What is being asked: Only certain lines below are wanted: those starting at the line containing "With the introduction" and ending at the line containing "Hey guys, here", both included, each retyped exactly.

Supplied records:
'''
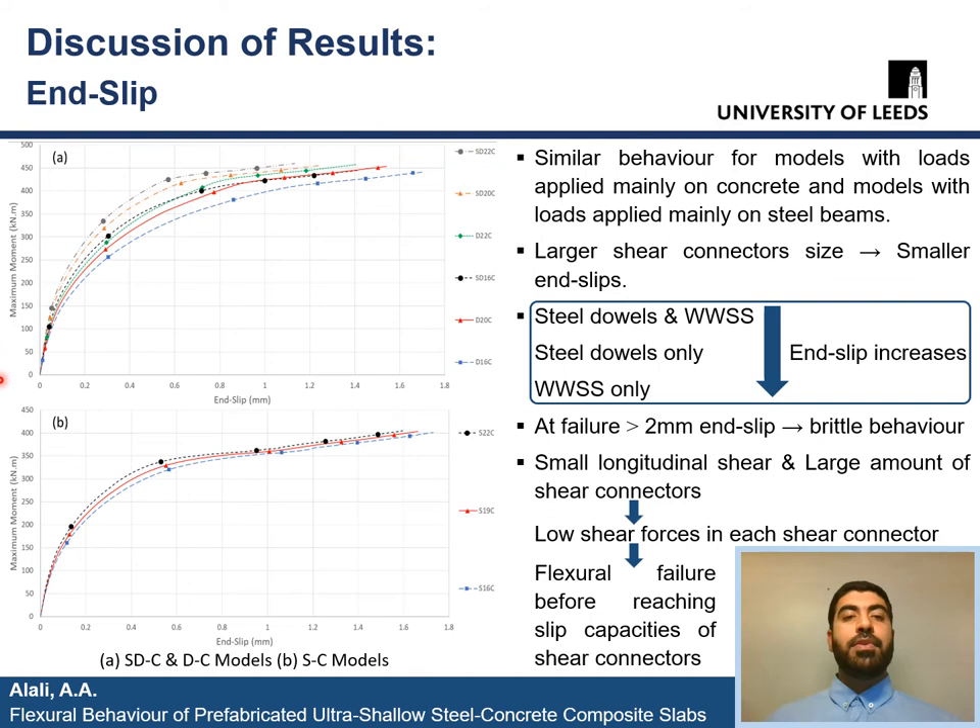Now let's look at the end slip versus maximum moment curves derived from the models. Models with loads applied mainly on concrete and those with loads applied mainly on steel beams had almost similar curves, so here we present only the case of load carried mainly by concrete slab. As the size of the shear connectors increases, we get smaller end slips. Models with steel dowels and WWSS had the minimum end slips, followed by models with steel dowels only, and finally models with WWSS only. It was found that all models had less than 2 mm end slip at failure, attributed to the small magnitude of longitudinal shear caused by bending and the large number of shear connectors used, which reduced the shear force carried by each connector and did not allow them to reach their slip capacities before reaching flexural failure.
'''
'''
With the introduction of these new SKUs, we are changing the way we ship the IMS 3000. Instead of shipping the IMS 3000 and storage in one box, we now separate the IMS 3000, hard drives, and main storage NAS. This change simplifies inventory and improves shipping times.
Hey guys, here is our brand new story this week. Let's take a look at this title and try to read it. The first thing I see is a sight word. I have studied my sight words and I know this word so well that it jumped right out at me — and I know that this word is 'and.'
'''
'''
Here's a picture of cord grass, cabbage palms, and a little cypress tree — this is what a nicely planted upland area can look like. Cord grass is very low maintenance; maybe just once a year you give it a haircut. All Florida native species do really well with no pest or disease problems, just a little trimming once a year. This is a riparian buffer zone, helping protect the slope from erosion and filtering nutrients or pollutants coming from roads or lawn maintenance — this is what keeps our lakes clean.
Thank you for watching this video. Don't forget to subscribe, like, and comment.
'''
Answer area:
With the introduction of these new SKUs, we are changing the way we ship the IMS 3000. Instead of shipping the IMS 3000 and storage in one box, we now separate the IMS 3000, hard drives, and main storage NAS. This change simplifies inventory and improves shipping times.
Hey guys, here is our brand new story this week. Let's take a look at this title and try to read it. The first thing I see is a sight word. I have studied my sight words and I know this word so well that it jumped right out at me — and I know that this word is 'and.'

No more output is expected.